**** GIVEN DATA ****

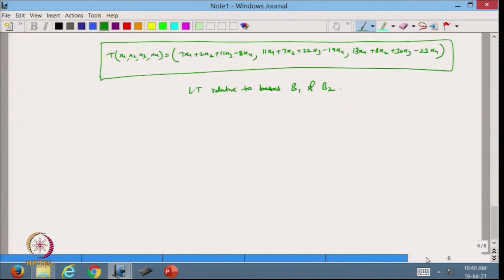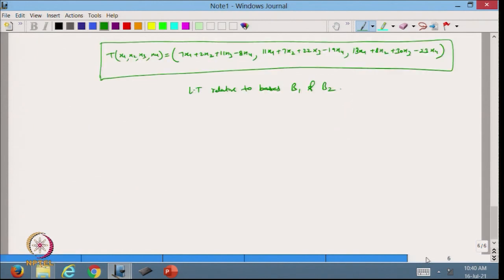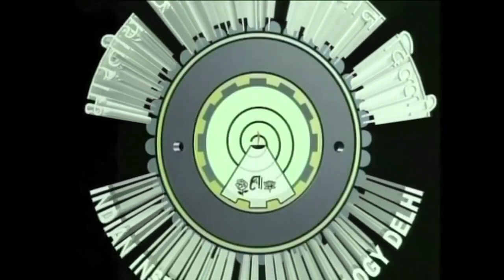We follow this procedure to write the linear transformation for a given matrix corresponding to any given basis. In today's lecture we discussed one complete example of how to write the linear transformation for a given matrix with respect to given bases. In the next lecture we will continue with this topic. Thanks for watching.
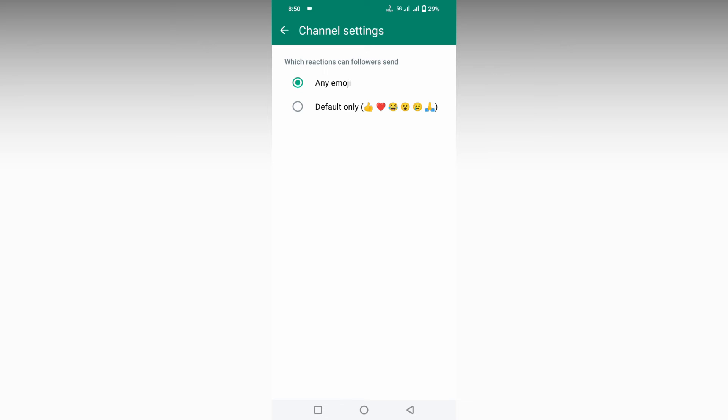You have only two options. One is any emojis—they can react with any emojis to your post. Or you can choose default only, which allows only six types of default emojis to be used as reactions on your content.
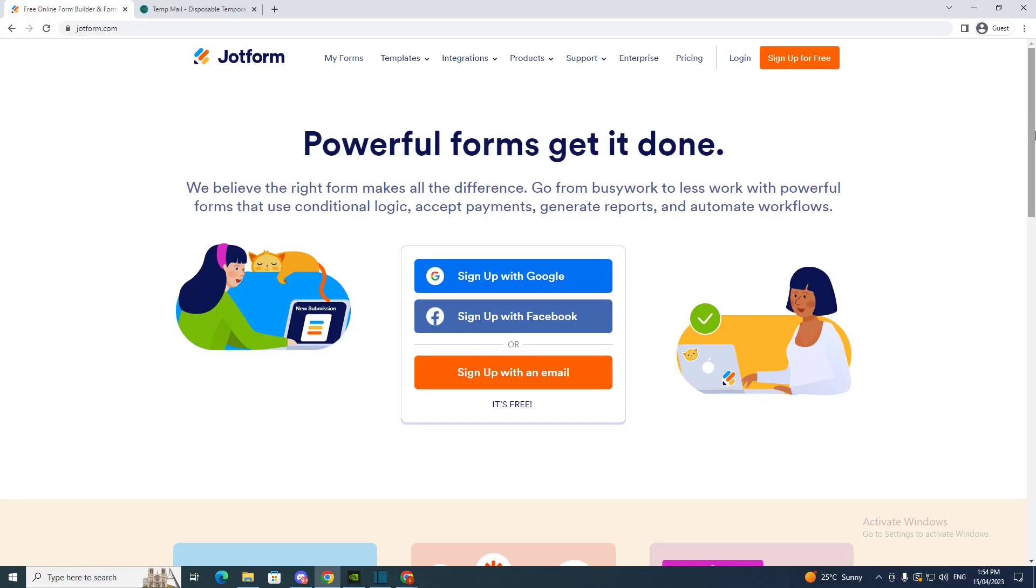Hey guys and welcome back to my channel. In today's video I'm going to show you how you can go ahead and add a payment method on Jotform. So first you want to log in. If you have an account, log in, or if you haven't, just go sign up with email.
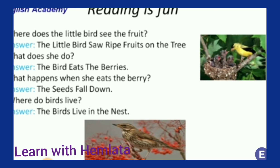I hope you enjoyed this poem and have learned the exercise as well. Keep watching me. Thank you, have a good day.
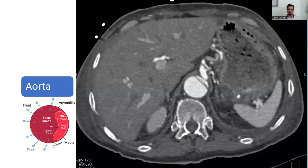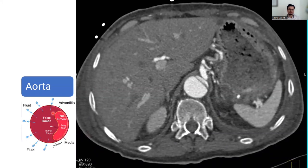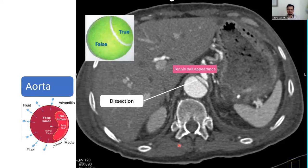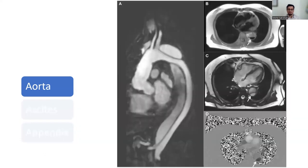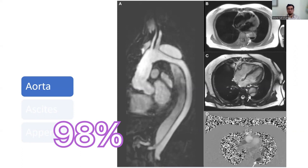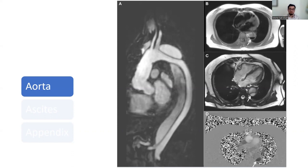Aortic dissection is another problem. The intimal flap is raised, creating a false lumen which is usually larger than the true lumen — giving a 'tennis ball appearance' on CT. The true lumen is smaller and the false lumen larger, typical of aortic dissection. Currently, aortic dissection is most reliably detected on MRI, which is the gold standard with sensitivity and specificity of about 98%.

****

= ACTIVITY =
Your answer must be exactly the lines from the one containing "I hope you enjoyed" through the last line of the records above, both included, with every picture left out.

= COMPLETED EXERCISE =
I hope you enjoyed this poem and have learned the exercise as well. Keep watching me. Thank you, have a good day.
Aortic dissection is another problem. The intimal flap is raised, creating a false lumen which is usually larger than the true lumen — giving a 'tennis ball appearance' on CT. The true lumen is smaller and the false lumen larger, typical of aortic dissection. Currently, aortic dissection is most reliably detected on MRI, which is the gold standard with sensitivity and specificity of about 98%.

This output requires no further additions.